[SUPPLIED INFORMATION Boundary: Start]

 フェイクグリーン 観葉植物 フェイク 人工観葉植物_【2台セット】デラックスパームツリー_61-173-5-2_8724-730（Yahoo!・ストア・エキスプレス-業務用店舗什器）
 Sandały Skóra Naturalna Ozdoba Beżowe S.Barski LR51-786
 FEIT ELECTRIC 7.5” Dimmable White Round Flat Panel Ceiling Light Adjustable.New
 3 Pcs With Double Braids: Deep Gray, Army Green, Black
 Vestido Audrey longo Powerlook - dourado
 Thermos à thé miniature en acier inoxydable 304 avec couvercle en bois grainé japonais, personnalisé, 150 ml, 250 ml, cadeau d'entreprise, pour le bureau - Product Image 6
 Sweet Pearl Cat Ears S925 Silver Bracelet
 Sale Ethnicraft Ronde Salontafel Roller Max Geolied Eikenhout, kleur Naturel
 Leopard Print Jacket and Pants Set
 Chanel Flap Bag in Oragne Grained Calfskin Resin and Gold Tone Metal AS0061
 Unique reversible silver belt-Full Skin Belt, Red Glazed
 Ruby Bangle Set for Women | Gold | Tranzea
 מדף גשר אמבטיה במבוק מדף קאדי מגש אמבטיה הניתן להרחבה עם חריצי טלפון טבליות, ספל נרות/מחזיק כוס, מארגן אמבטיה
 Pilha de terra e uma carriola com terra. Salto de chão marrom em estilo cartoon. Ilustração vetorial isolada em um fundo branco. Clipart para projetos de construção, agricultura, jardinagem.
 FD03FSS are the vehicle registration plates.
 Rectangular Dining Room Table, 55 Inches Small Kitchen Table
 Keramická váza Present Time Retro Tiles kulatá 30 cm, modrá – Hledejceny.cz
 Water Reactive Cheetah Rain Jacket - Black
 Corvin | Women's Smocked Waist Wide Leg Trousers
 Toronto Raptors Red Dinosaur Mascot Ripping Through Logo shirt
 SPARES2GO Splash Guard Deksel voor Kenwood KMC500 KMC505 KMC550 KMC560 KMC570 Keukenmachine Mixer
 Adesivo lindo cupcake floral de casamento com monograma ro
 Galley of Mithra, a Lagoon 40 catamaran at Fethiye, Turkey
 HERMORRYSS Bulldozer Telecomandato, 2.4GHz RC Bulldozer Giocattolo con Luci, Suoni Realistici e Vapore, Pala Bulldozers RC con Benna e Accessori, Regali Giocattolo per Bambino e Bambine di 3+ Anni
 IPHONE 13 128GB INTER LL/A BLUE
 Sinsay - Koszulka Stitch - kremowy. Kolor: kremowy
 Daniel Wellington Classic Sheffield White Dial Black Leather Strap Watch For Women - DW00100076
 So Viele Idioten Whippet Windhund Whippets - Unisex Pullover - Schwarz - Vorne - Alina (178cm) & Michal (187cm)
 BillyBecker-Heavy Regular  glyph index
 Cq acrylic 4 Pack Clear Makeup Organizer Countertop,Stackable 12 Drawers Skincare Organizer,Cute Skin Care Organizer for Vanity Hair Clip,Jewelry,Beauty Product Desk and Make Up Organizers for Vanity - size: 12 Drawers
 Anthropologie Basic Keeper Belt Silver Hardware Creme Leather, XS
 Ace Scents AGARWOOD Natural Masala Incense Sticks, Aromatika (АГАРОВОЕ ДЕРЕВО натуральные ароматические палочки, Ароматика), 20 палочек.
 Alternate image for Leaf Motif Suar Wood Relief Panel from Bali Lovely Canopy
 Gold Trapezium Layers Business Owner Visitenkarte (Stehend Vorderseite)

[SUPPLIED INFORMATION Boundary: End]

▶ **WHAT TO PRODUCE**:
Write out a verbatim copy of the data, beginning with its first line and ending with the line that contains "Chanel Flap Bag".

▶ **RESULT**:
 フェイクグリーン 観葉植物 フェイク 人工観葉植物_【2台セット】デラックスパームツリー_61-173-5-2_8724-730（Yahoo!・ストア・エキスプレス-業務用店舗什器）
 Sandały Skóra Naturalna Ozdoba Beżowe S.Barski LR51-786
 FEIT ELECTRIC 7.5” Dimmable White Round Flat Panel Ceiling Light Adjustable.New
 3 Pcs With Double Braids: Deep Gray, Army Green, Black
 Vestido Audrey longo Powerlook - dourado
 Thermos à thé miniature en acier inoxydable 304 avec couvercle en bois grainé japonais, personnalisé, 150 ml, 250 ml, cadeau d'entreprise, pour le bureau - Product Image 6
 Sweet Pearl Cat Ears S925 Silver Bracelet
 Sale Ethnicraft Ronde Salontafel Roller Max Geolied Eikenhout, kleur Naturel
 Leopard Print Jacket and Pants Set
 Chanel Flap Bag in Oragne Grained Calfskin Resin and Gold Tone Metal AS0061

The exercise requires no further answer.